At present, the VMCC, the Provincetown Schools building, and five town parking lots all share the same 11.7-acre parcel. The northwest parking lot would come in at just under an acre, judging by the town’s documents, although a precise number was not provided in the report.
The town’s building committee, which was created to help shepherd a police station into existence, also spoke with Weston & Sampson’s engineers and with the town departments that work at the VMCC, chair Jeffrey Mulliken told the select board. Their conclusion was that relocating departments from the building during construction would be very difficult and that the building itself was in reasonable shape for continued use, assuming normal maintenance, Mulliken said.

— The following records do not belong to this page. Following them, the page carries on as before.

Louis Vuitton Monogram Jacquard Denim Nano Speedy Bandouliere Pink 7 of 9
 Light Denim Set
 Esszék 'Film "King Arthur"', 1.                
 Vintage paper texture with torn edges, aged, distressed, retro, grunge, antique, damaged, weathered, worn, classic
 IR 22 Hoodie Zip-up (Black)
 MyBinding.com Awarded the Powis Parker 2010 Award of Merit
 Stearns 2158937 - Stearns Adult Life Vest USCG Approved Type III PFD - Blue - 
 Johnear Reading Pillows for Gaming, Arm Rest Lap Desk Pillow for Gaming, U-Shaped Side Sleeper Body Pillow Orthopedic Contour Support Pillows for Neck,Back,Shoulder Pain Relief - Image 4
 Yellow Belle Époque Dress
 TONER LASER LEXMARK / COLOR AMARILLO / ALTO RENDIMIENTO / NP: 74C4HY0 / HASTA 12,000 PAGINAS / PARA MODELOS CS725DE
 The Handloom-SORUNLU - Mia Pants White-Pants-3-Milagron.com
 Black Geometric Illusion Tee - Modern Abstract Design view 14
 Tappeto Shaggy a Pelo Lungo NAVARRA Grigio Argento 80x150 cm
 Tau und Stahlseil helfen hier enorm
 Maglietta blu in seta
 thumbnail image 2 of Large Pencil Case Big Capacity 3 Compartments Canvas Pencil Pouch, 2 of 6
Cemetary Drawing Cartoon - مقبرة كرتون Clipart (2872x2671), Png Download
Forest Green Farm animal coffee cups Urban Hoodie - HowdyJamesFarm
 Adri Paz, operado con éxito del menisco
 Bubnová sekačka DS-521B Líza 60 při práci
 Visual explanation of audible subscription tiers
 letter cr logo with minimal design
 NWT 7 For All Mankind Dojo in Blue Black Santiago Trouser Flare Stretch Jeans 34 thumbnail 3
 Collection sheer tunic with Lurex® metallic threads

Opportunity Zone Financing
Mulliken also told the board that he, planning board chair Dana Masterpolo, and two other people he did not identify were researching the possibility of enticing private investors to finance a market-rate rental housing project through the “opportunity zones” that were created in the 2017 tax law passed in the first year of the Trump presidency. Provincetown is the only opportunity zone on the Lower or Outer Cape.
“An opportunity zone is a place where wealthy people, people with large capital gains, can shield those capital gains from taxes,” Mulliken said. “The goal would be to build very high-density market-rate rental housing, because that creates a building that has income that an investor might be interested in joining.
“We’re in the very early stages, working out a proof of concept on this,” Mulliken added. “It would require some zoning relief for density. But I wanted to get it out on the table, and we could come back to you in two or four weeks and talk about it more.”
The board’s reception was cautious, although Morse pointed out that the town is hoping to build all market-rate rentals at the former police station site at 26 Shank Painter Road. “We’re likely to need local money and local interest,” Morse said, because the town won’t be seeking state and federal financing for that project.
Mulliken later told the Independent that he and Masterpolo, who each chair relevant committees, would not be financially involved in such an effort. He said he was not yet ready to identify the other two people.
“We’re starting out with a concept here, we have a lot of investigation to do, and this would have to be sanctioned by the town,” Mulliken said. “Dana and I are not developers — we’re just looking at this idea to see if it works.”